Cuando escribí, para este diario privado-público que es mi blog, o cualquier blog, la entrada sobre el libro de Viktor Klemperer, libro que trataba sobre el lenguaje corrupto de los nazis, ya tenía yo una cierta monomanía por el uso del lenguaje, tanto para bien como para mal (aquello de “Otan, de entrada, no”, fue una genialidad total, piénsese si para bien o para mal). ¡Claro que había leído sobre el tema!, pero aun en el caso de haber estudiado lingüística, o haber meditado largo y profundo sobre el lenguaje del franquismo, tan empantanado en cuestiones, no religiosas, sino morales con peste a sobaquina y orines, o haberme empapado en textos sobre mercadotecnia y publicidad, no habría alcanzado los niveles a los que me llevó Klemperer. Fue, ¿cómo diría?, como si a una persona con una obsesión irrealizable, como cazar elefantes en África, por ejemplo, se le ofreciera la posibilidad de cumplirla una vez, y sólo una vez. ¿Qué conseguirá esa consumación única?: incrementar la obsesión, convertirla en locura. Pues bien, también por una vez, y sólo por una vez, mi obsesión ha tenido objeto en el que hincar el diente: Karl Kraus. Porque también os diré algo: no sirven los tratados sesudos y muy cargados de teoría, con ese lenguaje específico que no hace sino insistir en la corrupción, en el error y el horror de las palabras malintencionadas. Es tema que sólo el profesional del uso, y no el profesional de la teoría, puede fiscalizar, siempre y cuando el lenguaje empleado en ello se acerque al periodismo verdadero, a la narrativa, a la poesía. No sirve el ensayo. Seguro que me equivoco pero lo siento así. Es mi experiencia.

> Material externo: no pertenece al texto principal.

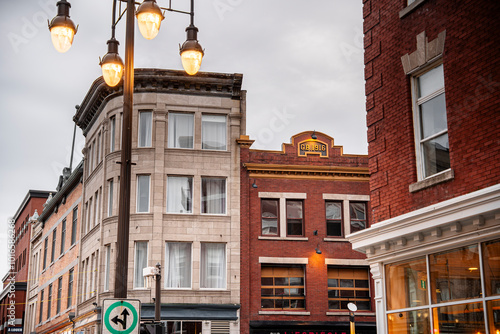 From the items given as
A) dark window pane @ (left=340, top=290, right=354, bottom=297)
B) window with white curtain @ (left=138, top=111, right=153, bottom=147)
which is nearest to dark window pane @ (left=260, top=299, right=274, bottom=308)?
dark window pane @ (left=340, top=290, right=354, bottom=297)

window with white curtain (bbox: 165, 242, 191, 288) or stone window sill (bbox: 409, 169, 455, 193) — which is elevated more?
window with white curtain (bbox: 165, 242, 191, 288)

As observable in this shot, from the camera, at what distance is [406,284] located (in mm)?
13312

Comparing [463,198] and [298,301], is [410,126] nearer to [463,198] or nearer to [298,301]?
[463,198]

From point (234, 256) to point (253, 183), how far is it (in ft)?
13.0

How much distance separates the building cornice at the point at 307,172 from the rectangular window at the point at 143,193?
202 inches

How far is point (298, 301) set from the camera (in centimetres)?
3381

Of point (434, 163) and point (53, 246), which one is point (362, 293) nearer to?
point (434, 163)

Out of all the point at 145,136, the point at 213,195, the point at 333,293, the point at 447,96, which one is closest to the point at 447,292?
the point at 447,96

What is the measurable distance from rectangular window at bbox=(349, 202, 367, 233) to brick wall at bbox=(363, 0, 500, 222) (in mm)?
21195

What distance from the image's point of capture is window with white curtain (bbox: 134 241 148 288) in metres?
32.8

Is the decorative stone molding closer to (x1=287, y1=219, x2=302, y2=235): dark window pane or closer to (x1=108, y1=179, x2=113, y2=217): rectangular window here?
(x1=287, y1=219, x2=302, y2=235): dark window pane

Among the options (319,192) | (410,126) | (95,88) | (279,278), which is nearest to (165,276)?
(279,278)

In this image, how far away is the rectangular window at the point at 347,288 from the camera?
112 ft

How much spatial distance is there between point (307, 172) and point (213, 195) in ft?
16.6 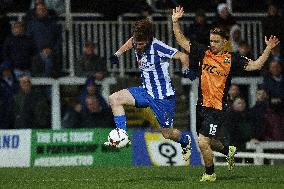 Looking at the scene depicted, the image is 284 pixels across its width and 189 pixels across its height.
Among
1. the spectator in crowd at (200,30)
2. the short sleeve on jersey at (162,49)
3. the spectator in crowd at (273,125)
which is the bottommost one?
the spectator in crowd at (273,125)

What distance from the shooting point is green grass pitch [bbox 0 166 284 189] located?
13742 millimetres

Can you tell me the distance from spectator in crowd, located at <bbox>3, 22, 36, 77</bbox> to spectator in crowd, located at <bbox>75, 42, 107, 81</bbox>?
48.4 inches

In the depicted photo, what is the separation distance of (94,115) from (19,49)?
7.45 ft

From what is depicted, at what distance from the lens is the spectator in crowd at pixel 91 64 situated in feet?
76.6

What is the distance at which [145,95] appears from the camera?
15.5 meters

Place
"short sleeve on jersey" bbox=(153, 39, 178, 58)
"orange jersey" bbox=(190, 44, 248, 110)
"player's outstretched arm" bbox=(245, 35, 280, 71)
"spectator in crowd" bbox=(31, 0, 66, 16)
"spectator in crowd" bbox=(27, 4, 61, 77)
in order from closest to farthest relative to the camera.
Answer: "player's outstretched arm" bbox=(245, 35, 280, 71), "orange jersey" bbox=(190, 44, 248, 110), "short sleeve on jersey" bbox=(153, 39, 178, 58), "spectator in crowd" bbox=(27, 4, 61, 77), "spectator in crowd" bbox=(31, 0, 66, 16)

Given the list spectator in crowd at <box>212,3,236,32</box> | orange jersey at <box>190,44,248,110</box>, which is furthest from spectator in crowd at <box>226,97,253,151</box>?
orange jersey at <box>190,44,248,110</box>

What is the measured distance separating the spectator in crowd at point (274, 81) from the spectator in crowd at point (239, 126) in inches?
65.3

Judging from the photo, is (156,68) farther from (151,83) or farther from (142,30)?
(142,30)

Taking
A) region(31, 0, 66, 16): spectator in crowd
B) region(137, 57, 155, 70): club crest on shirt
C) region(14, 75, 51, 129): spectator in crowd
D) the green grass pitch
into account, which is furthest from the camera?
region(31, 0, 66, 16): spectator in crowd

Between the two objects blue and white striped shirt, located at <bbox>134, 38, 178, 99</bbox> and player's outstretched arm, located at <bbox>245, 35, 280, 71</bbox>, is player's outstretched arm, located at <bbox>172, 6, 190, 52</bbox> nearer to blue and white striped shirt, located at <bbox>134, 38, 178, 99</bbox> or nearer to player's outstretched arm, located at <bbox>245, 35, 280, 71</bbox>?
blue and white striped shirt, located at <bbox>134, 38, 178, 99</bbox>

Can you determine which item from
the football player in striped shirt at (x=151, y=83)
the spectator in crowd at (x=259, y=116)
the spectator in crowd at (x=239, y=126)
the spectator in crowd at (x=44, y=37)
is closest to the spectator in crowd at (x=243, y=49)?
the spectator in crowd at (x=259, y=116)

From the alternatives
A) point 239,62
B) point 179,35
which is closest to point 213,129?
point 239,62

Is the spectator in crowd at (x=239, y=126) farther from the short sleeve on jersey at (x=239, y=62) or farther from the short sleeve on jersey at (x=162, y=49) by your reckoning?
A: the short sleeve on jersey at (x=239, y=62) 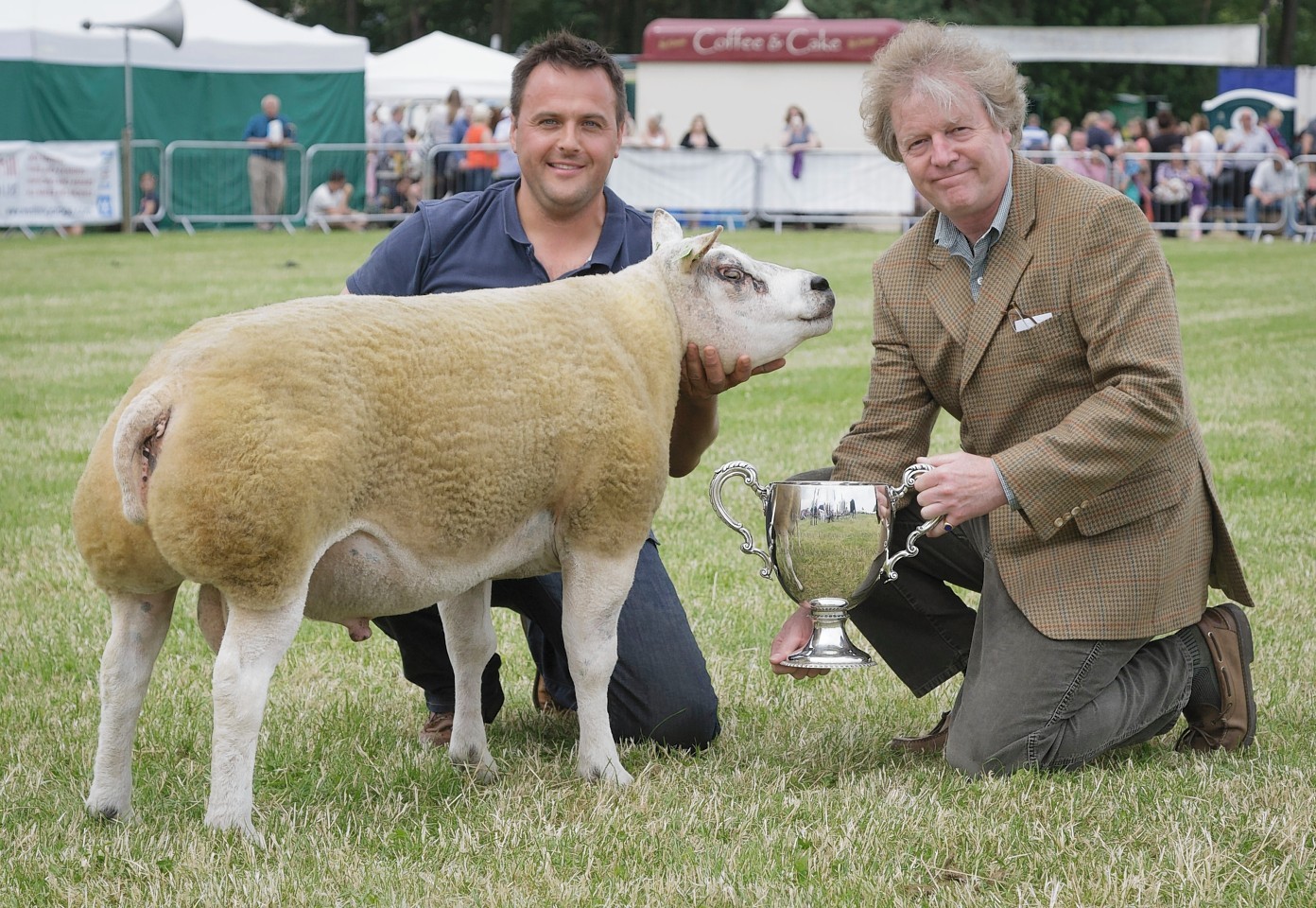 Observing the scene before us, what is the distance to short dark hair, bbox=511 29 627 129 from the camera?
158 inches

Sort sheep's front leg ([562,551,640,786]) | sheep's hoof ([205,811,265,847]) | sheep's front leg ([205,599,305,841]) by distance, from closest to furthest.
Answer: sheep's front leg ([205,599,305,841]) → sheep's hoof ([205,811,265,847]) → sheep's front leg ([562,551,640,786])

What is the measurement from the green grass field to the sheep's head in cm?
104

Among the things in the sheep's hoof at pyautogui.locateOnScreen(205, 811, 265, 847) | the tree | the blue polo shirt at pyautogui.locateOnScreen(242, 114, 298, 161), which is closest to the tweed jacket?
the sheep's hoof at pyautogui.locateOnScreen(205, 811, 265, 847)

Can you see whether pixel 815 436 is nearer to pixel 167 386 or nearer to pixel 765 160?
pixel 167 386

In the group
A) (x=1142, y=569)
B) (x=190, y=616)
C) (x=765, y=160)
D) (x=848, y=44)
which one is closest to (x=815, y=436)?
(x=190, y=616)

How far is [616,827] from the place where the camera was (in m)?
3.19

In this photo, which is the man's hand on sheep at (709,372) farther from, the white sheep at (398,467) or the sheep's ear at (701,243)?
the sheep's ear at (701,243)

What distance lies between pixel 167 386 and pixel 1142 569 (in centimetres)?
224

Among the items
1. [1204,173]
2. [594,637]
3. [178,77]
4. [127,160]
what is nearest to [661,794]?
[594,637]

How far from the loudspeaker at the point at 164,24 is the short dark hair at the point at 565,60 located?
724 inches

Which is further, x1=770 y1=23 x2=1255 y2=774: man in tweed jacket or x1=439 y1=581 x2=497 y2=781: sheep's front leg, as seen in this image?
x1=439 y1=581 x2=497 y2=781: sheep's front leg

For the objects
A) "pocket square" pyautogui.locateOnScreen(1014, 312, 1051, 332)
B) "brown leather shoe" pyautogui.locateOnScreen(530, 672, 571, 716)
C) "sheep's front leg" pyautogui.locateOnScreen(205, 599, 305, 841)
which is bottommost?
"brown leather shoe" pyautogui.locateOnScreen(530, 672, 571, 716)

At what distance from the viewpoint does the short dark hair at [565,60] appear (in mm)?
4020

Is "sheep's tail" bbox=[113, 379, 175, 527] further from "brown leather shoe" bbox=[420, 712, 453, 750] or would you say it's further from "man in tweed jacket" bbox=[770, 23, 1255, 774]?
"man in tweed jacket" bbox=[770, 23, 1255, 774] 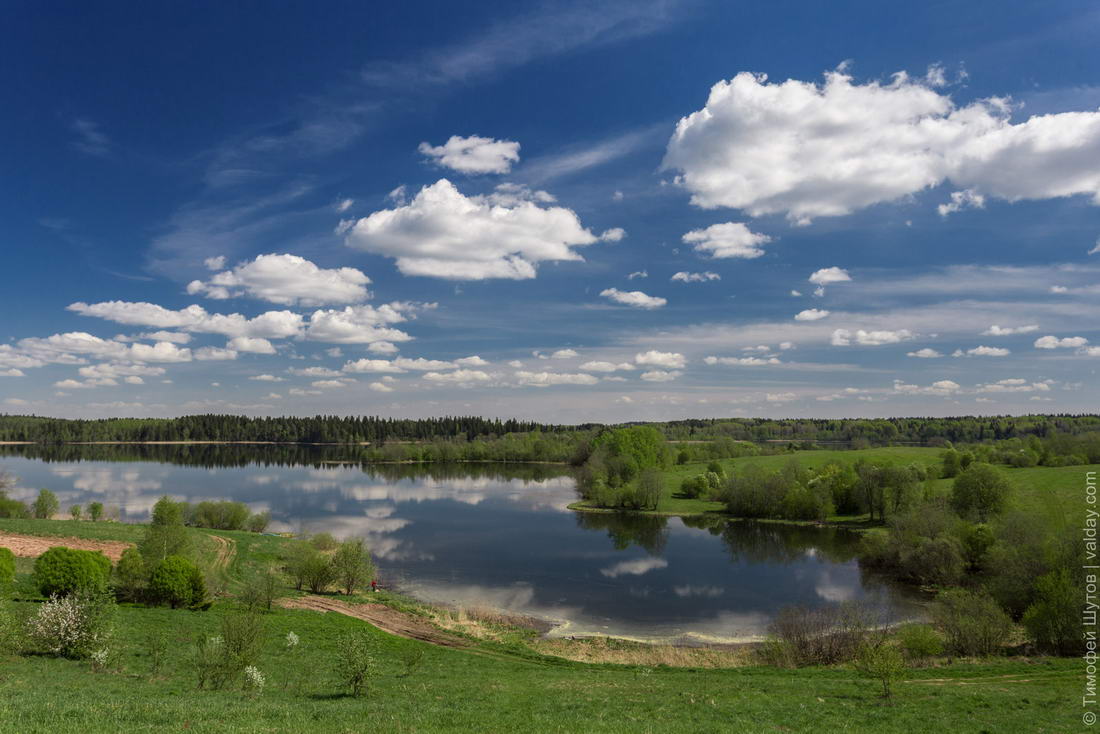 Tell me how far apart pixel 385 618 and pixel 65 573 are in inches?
705

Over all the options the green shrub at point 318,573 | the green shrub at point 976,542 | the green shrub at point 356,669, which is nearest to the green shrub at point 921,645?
the green shrub at point 356,669

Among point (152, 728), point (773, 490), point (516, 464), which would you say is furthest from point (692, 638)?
point (516, 464)

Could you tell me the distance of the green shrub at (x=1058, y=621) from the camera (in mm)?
30125

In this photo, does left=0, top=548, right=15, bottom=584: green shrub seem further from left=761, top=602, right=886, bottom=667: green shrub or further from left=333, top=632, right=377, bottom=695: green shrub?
left=761, top=602, right=886, bottom=667: green shrub

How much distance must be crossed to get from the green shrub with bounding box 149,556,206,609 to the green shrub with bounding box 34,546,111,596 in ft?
10.1

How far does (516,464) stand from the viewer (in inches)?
7805

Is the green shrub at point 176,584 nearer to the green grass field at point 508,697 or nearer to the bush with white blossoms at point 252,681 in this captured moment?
the green grass field at point 508,697

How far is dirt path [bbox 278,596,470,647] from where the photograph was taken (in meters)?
35.4

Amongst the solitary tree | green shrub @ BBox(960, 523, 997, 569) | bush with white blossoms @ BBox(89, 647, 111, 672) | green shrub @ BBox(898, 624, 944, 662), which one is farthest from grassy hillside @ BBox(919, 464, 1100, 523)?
bush with white blossoms @ BBox(89, 647, 111, 672)

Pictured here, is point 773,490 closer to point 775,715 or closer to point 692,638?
point 692,638

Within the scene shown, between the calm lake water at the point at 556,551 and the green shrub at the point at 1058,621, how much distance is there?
48.2 ft

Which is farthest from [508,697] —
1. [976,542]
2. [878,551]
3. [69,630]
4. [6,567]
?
[976,542]

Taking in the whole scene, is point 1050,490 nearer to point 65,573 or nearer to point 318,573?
point 318,573

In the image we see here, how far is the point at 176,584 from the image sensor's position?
3403cm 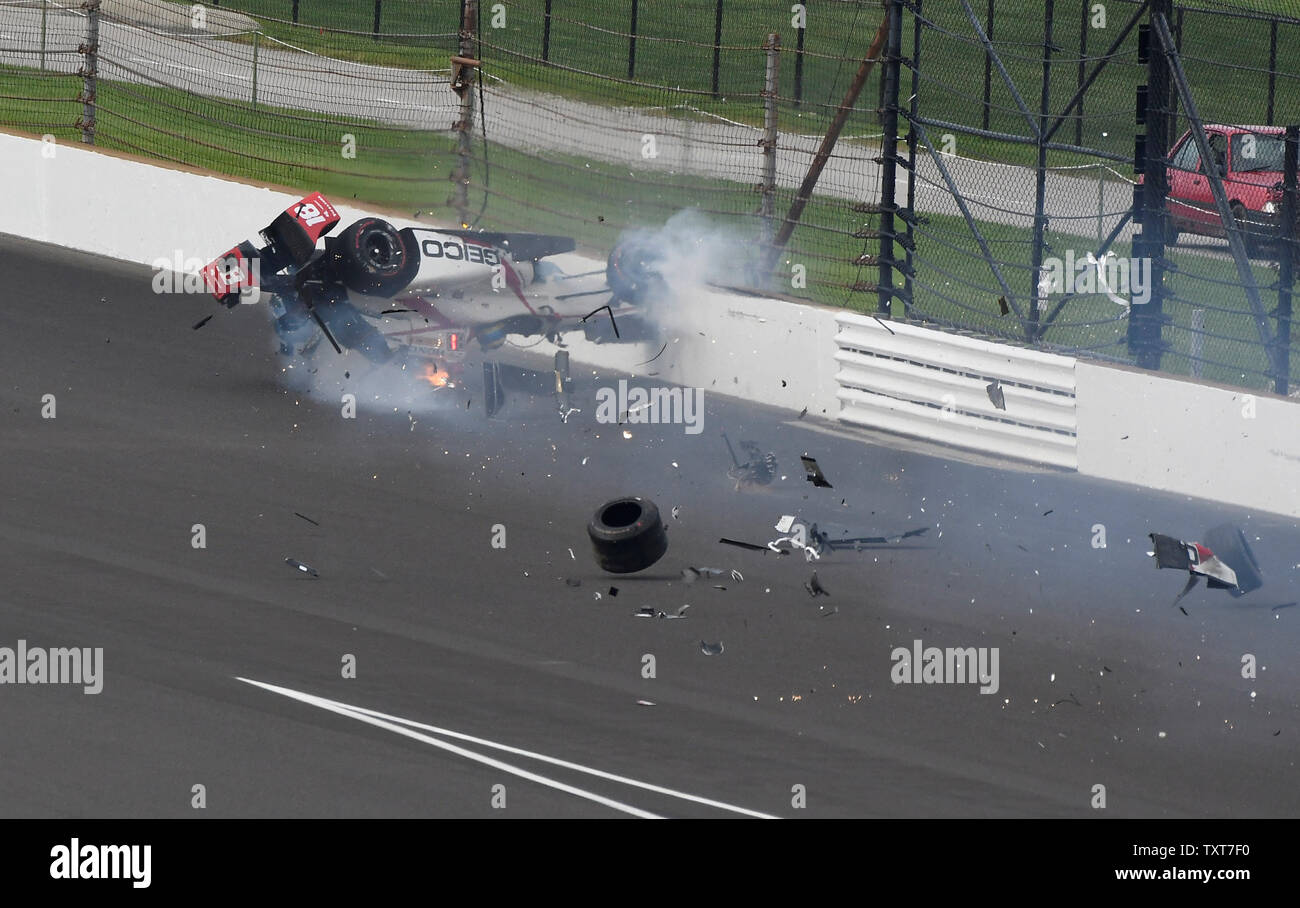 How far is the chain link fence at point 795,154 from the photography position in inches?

Sobre Karl Kraus, y ya que tenéis abierto el navegador, podéis consultar en Wikipedia. Este libro que quiero comentar es una selección de sus artículos en la revista Die Flacke, La Antorcha, que publicó él desde 1899 hasta 1936, año de su muerte, y en la que colaboraron varios amigos hasta 1912, año a partir del cual ¡la publicó y escribió él sólo!, sí, sin ayuda de nadie. Sobrevivía gracias a las suscripciones y a sus lecturas y actuaciones aquí y allá. Lecturas de sus artículos o de sus libros (Los últimos días de la humanidad, La muralla china, etc.), y actuaciones consistentes en recitado de poemas o representaciones de obras de teatro en las que él mismo hacía todos los papeles. Se puede ser un Juan Palomo cuando se sirve para ello, si no se sirve, mejor estarse quieto y dedicarse a coleccionar sellos, por ejemplo.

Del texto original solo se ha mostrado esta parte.